| 8 March 2017
A great app for Megalithomaniacs
It's been many years since we started walking on parallel roads with our longtime friend Andy Burnham, the creator of the Megalithic Portal. Recently, he put the gigantic effort of his well known community of 'megalithomaniacs' on a tiny, useful app that runs on Apple iPhones and iPads. Simply titled 'Pocket Guide Megaliths', it is part of a larger series of touristic gudes created by the UK firm Senet Mobile.
The strong point of this guide is the huge database of almost 50,000 worldwide sites created thanks to the collaboration of thousands of contributors of the Megalithic Portal. To keep its database as up-to-date as possible, after the first launch of the app a large dataset from the Portal is getting downloaded and stored on the device, which is a rather unusual - but clever - task for a self-contained app. Doing so, the app does allow later navigation to the sites without a data connection.

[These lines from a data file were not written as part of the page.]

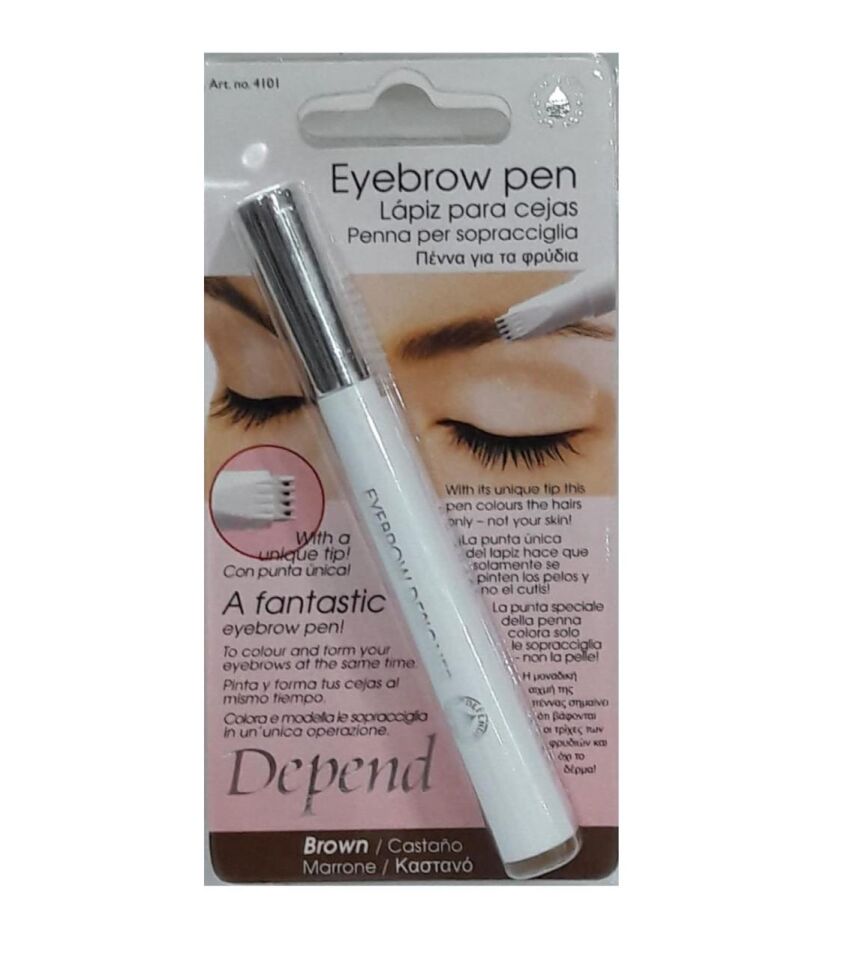 Depend Kaş Kalemi Kalıcı Kaş Boyası Kalem Kahve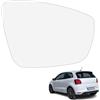Ruolin Vetro Specchietto Retrovisore Destro, Vetro Specchio Retrovisore Esterno Auto Compatibile con VW UP Polo 6R 6C, Compatibile con Skoda Citigo-E IV 2019-2023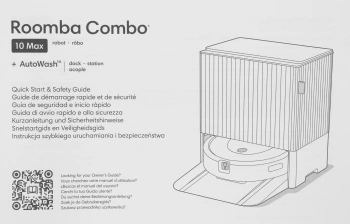 Пылесос-робот Irobot Roomba Combo 10 Max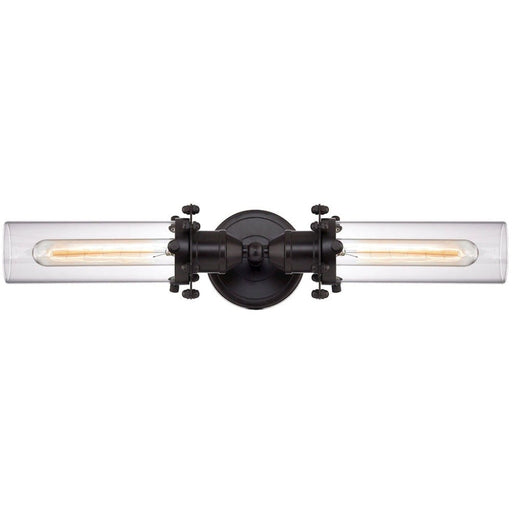 Fulton Oil Rubbed Bronze Vanity Light - Bath & Vanity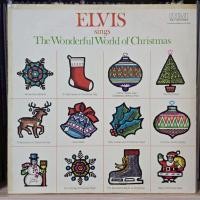 ราคา [ร้านค้าจัดส่งไว] แผ่นเสียง Elvis Presley : Elvis Sings The Wonderful World Of Christmas 1LP Vinyl 12" (42960622943)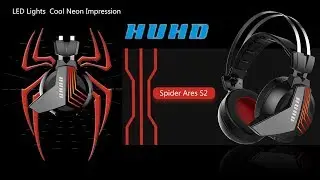 Беспроводные наушники HUHD HW-S2 (Spider Aries S2)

The map view takes you directly to the UK - it should be better to display the user's current location, but this is an option available on a separate menu anyway - and clearly shows all the ancient sites as pins with different icons related with any kind of monument or museum. Of course, users can drag the map to any other country to see the distribution of all the sites stored in the database.
Descriptions and the main photos are taken from the Megalithic Portal and there is a wide selection of filters - by type, by country and by properties, including access, accuracy and condition - so to pinpoint exactly the kind of ancient monuments we are looking for. Text searches are fast; there are useful functions as weather forecasts, torch and compass (using the device's own hardware), solar/lunar phases and rising/setting times and the possibility to add custom notes and bookmark sites. Of great help is also a nice range and height finder, useful to calculate the height of a monument knowing its distance from the observer or the distance knowing its height.
The Megaliths app may not look exceedingly polished, as it seems to be based on a template shared by other apps of the 'Pocket Guide' series, but it's easy to use and navigate. Its best selling point is the extensive database of sites and the convenience to keep all the information in a tiny package that is easy to carry around, without the need of a constant data connection.